Using spycops to gather criminal intelligence within campaign groups has proved a waste of money.
But the scale of this still surprises me. Did they really need nine undercover police officers to attend one anti-war meeting in 1968? I’ve said this for years, but to hear a witness who worked for Special Branch in 1968 declaring that they couldn’t discover any plans to foment violence reinforced what I learned when the police put me and thousands of others on their Domestic Extremism database.
The police had no way of identifying if any of these thousands of people had ever committed a crime but the list included journalists, local councillors, myself and Caroline Lucas MP.
It is just shocking that our overstretched police service, which regularly ‘no crimes’ hundreds of thousands of reported crimes because they don’t have the resources to investigate properly, have failed to carry out any value for money assessment of the spycops’ political work.

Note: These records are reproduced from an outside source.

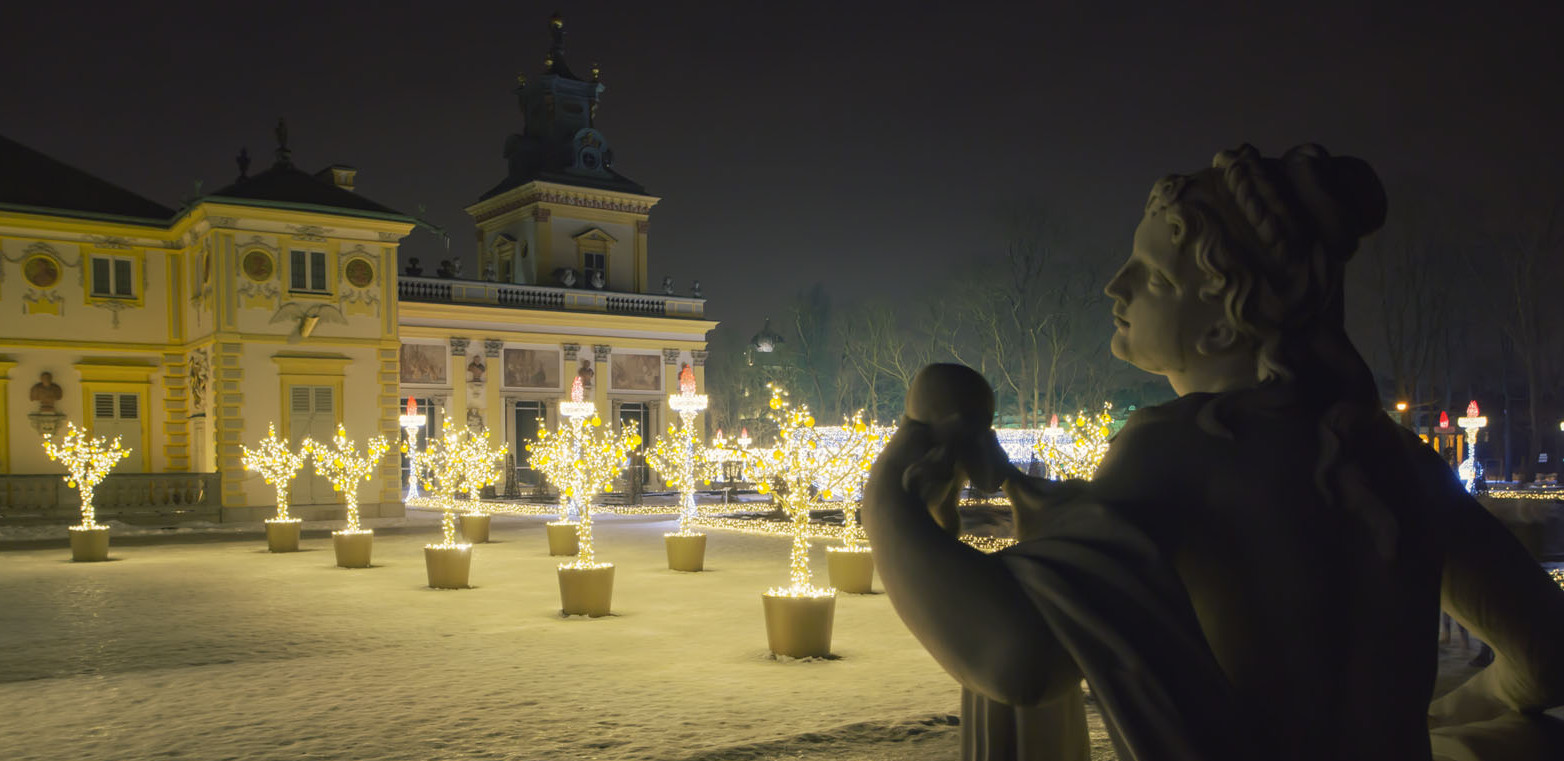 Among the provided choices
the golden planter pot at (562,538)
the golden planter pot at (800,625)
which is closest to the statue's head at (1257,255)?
the golden planter pot at (800,625)

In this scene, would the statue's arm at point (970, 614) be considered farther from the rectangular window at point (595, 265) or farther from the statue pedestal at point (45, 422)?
the rectangular window at point (595, 265)

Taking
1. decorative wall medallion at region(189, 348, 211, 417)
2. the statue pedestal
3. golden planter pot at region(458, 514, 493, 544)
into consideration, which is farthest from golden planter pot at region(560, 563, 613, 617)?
the statue pedestal

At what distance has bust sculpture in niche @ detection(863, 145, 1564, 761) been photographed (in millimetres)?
1329

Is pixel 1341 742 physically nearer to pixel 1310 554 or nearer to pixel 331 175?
pixel 1310 554

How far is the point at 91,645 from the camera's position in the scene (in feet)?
34.8

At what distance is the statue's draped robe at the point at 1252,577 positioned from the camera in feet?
4.31

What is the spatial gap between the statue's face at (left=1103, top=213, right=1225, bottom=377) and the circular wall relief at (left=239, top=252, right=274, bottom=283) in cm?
2885

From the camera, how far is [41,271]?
2739cm

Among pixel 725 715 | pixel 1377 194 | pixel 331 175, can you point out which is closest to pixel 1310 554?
pixel 1377 194

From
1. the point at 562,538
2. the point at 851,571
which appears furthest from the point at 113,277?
the point at 851,571

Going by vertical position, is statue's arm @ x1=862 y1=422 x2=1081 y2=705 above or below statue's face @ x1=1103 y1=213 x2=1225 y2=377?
below

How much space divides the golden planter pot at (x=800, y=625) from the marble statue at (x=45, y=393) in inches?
991

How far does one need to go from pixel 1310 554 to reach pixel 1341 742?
0.82ft

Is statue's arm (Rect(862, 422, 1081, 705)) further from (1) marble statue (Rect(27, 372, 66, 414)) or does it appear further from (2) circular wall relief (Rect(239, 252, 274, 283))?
(1) marble statue (Rect(27, 372, 66, 414)) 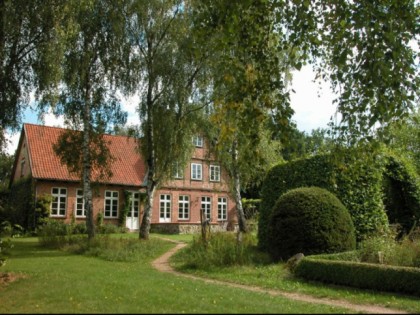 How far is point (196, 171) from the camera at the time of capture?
39.1 meters

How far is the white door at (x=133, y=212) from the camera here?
112ft

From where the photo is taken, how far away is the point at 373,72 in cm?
694

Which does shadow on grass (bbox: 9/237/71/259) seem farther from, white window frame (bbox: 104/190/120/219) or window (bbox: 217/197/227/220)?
window (bbox: 217/197/227/220)

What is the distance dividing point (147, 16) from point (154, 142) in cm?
613

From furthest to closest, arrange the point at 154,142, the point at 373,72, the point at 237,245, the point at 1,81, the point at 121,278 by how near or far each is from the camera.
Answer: the point at 154,142
the point at 237,245
the point at 1,81
the point at 121,278
the point at 373,72

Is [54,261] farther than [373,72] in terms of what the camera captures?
Yes

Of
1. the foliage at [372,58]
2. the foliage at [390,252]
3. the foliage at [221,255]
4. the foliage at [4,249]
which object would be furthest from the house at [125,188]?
the foliage at [372,58]

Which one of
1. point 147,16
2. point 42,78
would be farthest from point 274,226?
point 147,16

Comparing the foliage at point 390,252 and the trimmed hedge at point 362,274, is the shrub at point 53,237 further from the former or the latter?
the foliage at point 390,252

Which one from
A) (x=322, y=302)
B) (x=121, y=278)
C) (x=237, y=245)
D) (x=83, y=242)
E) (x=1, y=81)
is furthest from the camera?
(x=83, y=242)

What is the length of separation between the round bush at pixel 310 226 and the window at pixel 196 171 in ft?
79.7

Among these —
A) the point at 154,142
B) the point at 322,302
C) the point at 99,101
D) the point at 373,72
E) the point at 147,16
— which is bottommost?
the point at 322,302

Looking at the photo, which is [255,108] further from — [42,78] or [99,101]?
[99,101]

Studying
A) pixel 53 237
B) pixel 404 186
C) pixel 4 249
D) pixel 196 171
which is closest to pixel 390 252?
pixel 404 186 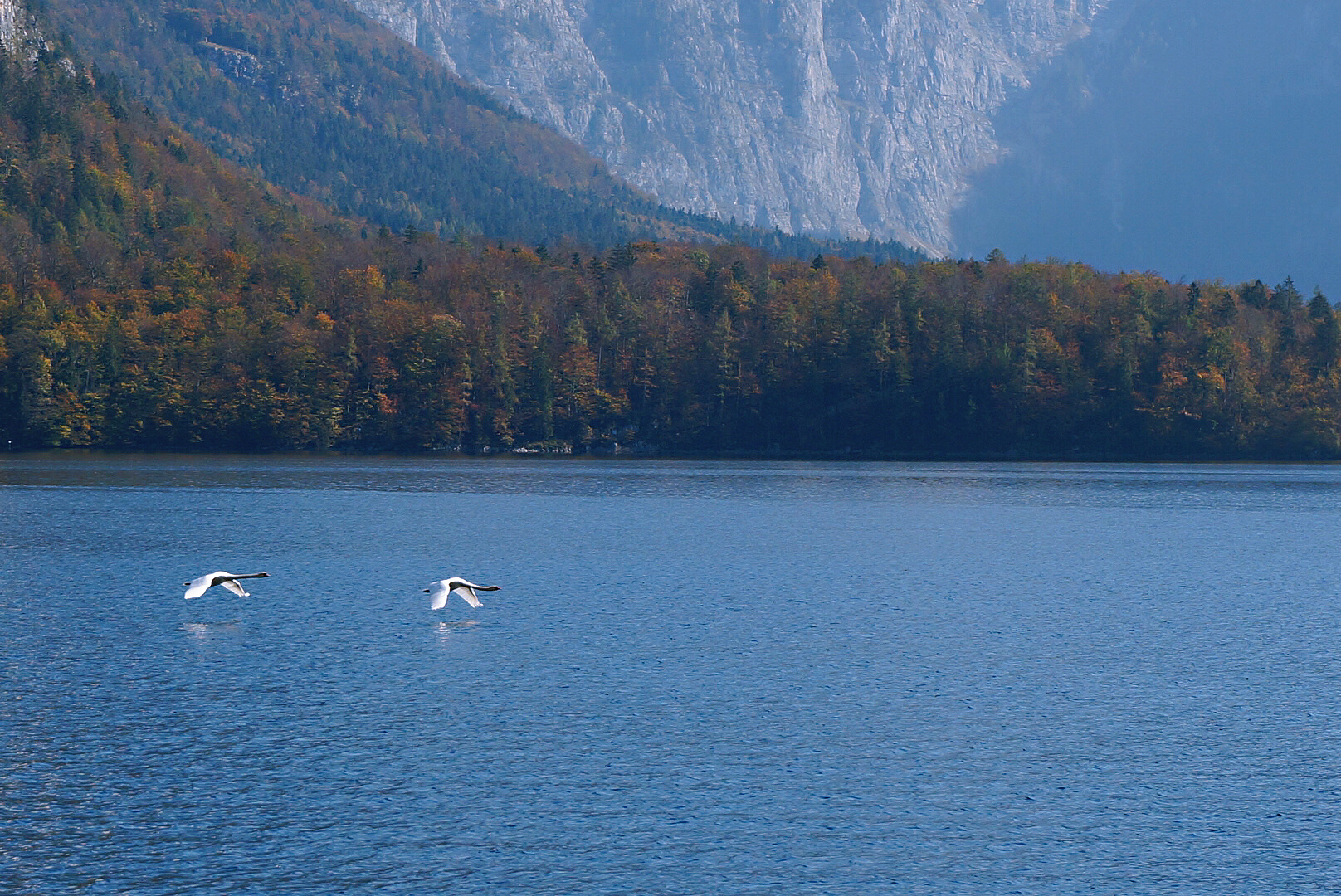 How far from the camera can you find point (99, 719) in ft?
90.9

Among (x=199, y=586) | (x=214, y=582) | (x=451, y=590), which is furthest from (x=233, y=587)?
(x=451, y=590)

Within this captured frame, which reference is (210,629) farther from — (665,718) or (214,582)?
(665,718)

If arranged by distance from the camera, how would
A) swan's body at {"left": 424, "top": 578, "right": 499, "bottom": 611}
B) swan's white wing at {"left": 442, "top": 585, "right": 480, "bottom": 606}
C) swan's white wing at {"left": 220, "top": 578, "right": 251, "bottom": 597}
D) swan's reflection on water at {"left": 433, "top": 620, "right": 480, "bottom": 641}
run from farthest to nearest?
swan's white wing at {"left": 442, "top": 585, "right": 480, "bottom": 606}, swan's white wing at {"left": 220, "top": 578, "right": 251, "bottom": 597}, swan's body at {"left": 424, "top": 578, "right": 499, "bottom": 611}, swan's reflection on water at {"left": 433, "top": 620, "right": 480, "bottom": 641}

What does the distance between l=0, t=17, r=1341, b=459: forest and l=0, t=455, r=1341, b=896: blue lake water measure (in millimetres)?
95669

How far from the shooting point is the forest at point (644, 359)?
516ft

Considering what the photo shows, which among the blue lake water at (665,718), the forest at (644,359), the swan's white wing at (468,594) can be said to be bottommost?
the blue lake water at (665,718)

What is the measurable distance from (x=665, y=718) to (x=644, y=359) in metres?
155

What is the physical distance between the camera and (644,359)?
600 ft

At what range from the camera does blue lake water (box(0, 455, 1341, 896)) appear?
20.4m

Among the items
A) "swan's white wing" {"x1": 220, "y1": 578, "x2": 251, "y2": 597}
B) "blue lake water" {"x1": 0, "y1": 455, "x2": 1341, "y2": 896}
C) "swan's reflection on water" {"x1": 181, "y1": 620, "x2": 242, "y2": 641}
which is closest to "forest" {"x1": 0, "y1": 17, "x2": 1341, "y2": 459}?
"blue lake water" {"x1": 0, "y1": 455, "x2": 1341, "y2": 896}

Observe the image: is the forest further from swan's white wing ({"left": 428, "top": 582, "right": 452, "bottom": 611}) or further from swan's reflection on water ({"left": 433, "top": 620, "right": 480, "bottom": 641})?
swan's reflection on water ({"left": 433, "top": 620, "right": 480, "bottom": 641})

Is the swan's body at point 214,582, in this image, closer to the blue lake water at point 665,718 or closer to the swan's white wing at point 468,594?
the blue lake water at point 665,718

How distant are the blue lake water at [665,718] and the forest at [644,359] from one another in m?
95.7

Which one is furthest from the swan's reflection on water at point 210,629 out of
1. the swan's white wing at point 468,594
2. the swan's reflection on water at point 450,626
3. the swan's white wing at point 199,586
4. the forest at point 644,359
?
the forest at point 644,359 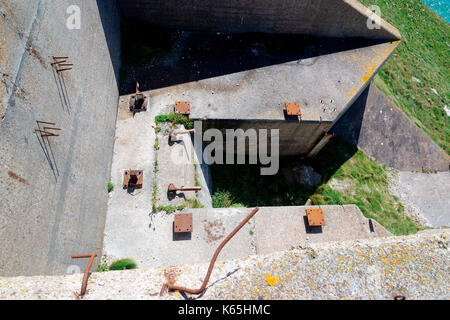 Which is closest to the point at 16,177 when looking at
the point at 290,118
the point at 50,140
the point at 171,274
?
A: the point at 50,140

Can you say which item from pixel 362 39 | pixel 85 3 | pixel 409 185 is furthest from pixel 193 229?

It’s clear that officers within both Special Branch and the Special Demonstration Squad were at the sharp end of political policing and writing their own job descriptions, based upon their own biases.
As if to highlight this fact they sent a female operative, who earned 90% of what her male colleagues earned to infiltrate a campaign for equal pay. This is why the CHIS Bill definitions allowing spycop activity if there is a threat of ‘public disorder’ need to be tightened up. The police have a fifty year history of using such definitions to justify all kinds of pointless operations, as well as outright abuses of our civil liberties.
Perhaps as a way of justifying their existence, spycops also tried to entrap activists by encouraging a group of trade unionists to firebomb a charity run by an alleged fascist. They didn’t do it but the role of agent provocateur is going to be the focus of amendments to the CHIS Bill that I’m putting forward. There could well be evidence shared at a later date in the inquiry about spycop participation in a firebombing of a department store selling fur.
Spycops making a career out of destroying people’s lives was also highlighted with one Special Demonstration Squad officer going from spying on trade unionists to actually working for a blacklisting firm. The Inquiry judge seemed particularly keen for witnesses not to explore such links between the state and private firms. However, there is a specific set of CHIS Bill amendments excluding trade unionists from future spycop focus.
I’ve no doubt that the inquiry will bring to light a lot more lessons that will need legislation to fix. However, the existing CHIS Bill is doing the opposite of fixing anything and I hope that the Labour Party front bench will come round to accepting that and oppose this dangerous potentially repressive bill.